Rooting for someone in New Jersey politics is an unusual experience for me, and Irish-born Paul Duggan seems an unusual politician (which is, come to think of it, probably a good thing). He would definitely seem unusual for New Jersey (which must certainly be a good thing). He is running for the office of Bergen County freeholder. If you don’t know what a freeholder is, don’t feel bad–I had to look it up, too. Apparently, that’s what county board members are called in New Jersey.

Evidently, the Bergen County Democrats–who do seem typical of NJ politicians, in that they’re fighting for their political lives against corruption charges–are sufficiently worried about him to have unlimbered their smear machine. One area on which they think they can score points on him is his opposition to banning .50 caliber rifles.

Duggan’s protest of a proposed ban of .50-caliber, fixed-ammunition rifles, puts him in the cross hairs of the latest attack.

Actually, one bill pushed by the advocates in New Jersey of forcible citizen disarmament would ban not only fixed-ammunition rifles, but even many muzzleloaders


Gun-rights groups say these rifles have been linked to very few criminal incidents in U.S history . . .

“Very few criminal incidents” is one way to put it–ZERO deaths (if I’m not mistaken–please correct me if I’m wrong) would be another.

. . . but opponents fear that they serve no legitimate purpose . . .

And these “opponents” are, of course, naturally the final arbiters of what purposes are “legitimate.”

. . . and that the large guns could fall into the hands of home-grown terrorists.

“Home-grown terrorists” would, of course, refer to you and me.

The call for a ban gathered steam after the arrests of six men accused of plotting to attack Fort Dix.

Ah, well that makes sense–just because the would-be terrorists neither had .50 caliber rifles, or seemed to have been seeking them, doesn’t mean that the planned attack has . . . nothing to do with .50 caliber rifles


Duggan, who sold his rifle last year, outlined a vigorous defense in a letter to The Record last year, arguing that the rifles have “never been abused by lawful owners in New Jersey,” and that purchases must undergo extensive background checks.

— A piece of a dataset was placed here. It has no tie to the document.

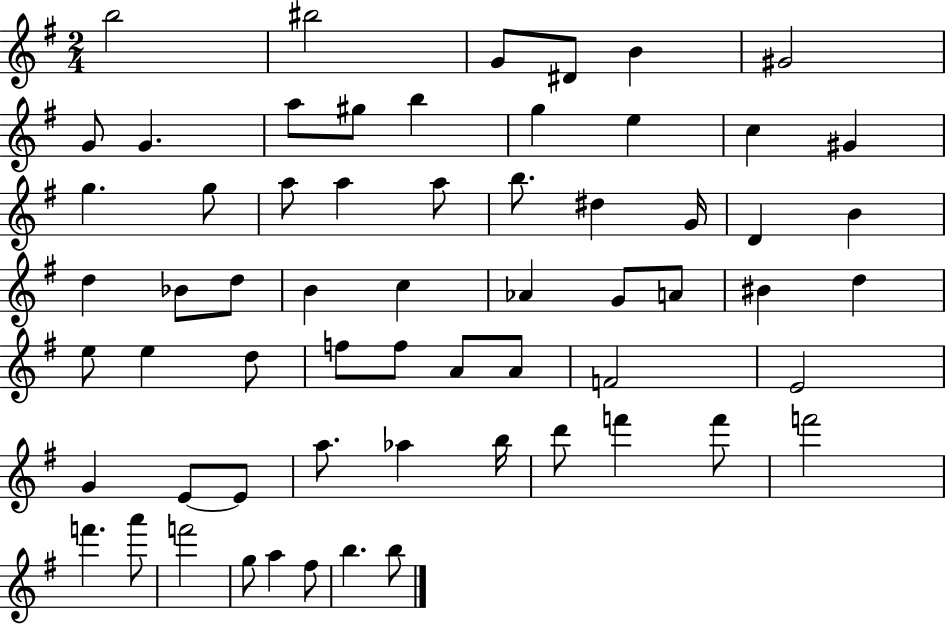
B5/h BIS5/h G4/e D#4/e B4/q G#4/h G4/e G4/q. A5/e G#5/e B5/q G5/q E5/q C5/q G#4/q G5/q. G5/e A5/e A5/q A5/e B5/e. D#5/q G4/s D4/q B4/q D5/q Bb4/e D5/e B4/q C5/q Ab4/q G4/e A4/e BIS4/q D5/q E5/e E5/q D5/e F5/e F5/e A4/e A4/e F4/h E4/h G4/q E4/e E4/e A5/e. Ab5/q B5/s D6/e F6/q F6/e F6/h F6/q. A6/e F6/h G5/e A5/q F#5/e B5/q. B5/e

He called the proposed ban (which stalled in committee) “another attempt to legislate to the lowest common denominator led by those who are totally unqualified to comment on the subject.”

You’re using logic, Paul–that will never work.

The Democrats offered their own commentary in the form of a toxic campaign flier featuring a long-barreled military assault rifle on the cover and text accusing Duggan of allowing “dangerous guns in our neighborhoods and our schools.”

Yeah–that makes sense. Keep in mind, by the way, that since New Jersey has preemption (as upheld in defeating Jersey City’s gun rationing law), a county board member (or freeholder, if you prefer) doesn’t really have any say in whether or not large rifles are banned, but why should that stop the hysteria-mongers.

Anyway, I hope this feisty Irishman not only wins, but eventually goes on to enter the state legislature, and becomes one of the few voices of reason there.